WHAT THE TASK REQUIRES -> Each line below from the one containing "Make sure that" through the one containing "Now comes experienced" is to be given again exactly, and no line outside that span.

DATA EXCERPTS ->
=== Begin Enclosure ===
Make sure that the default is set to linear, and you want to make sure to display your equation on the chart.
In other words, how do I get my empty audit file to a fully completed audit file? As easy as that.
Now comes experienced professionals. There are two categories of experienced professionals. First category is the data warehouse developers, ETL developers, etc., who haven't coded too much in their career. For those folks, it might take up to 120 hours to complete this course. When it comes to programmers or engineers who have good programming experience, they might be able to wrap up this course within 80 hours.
=== End Enclosure ===
=== Begin Enclosure ===
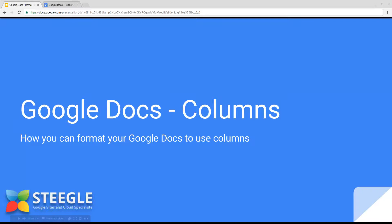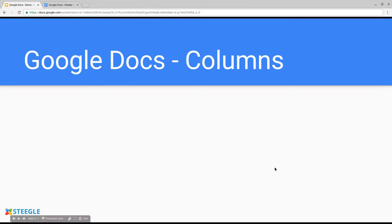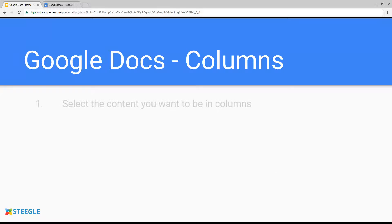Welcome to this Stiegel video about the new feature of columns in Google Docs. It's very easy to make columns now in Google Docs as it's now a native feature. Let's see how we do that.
=== End Enclosure ===
EXERCISE RESPONSE ->
Make sure that the default is set to linear, and you want to make sure to display your equation on the chart.
In other words, how do I get my empty audit file to a fully completed audit file? As easy as that.
Now comes experienced professionals. There are two categories of experienced professionals. First category is the data warehouse developers, ETL developers, etc., who haven't coded too much in their career. For those folks, it might take up to 120 hours to complete this course. When it comes to programmers or engineers who have good programming experience, they might be able to wrap up this course within 80 hours.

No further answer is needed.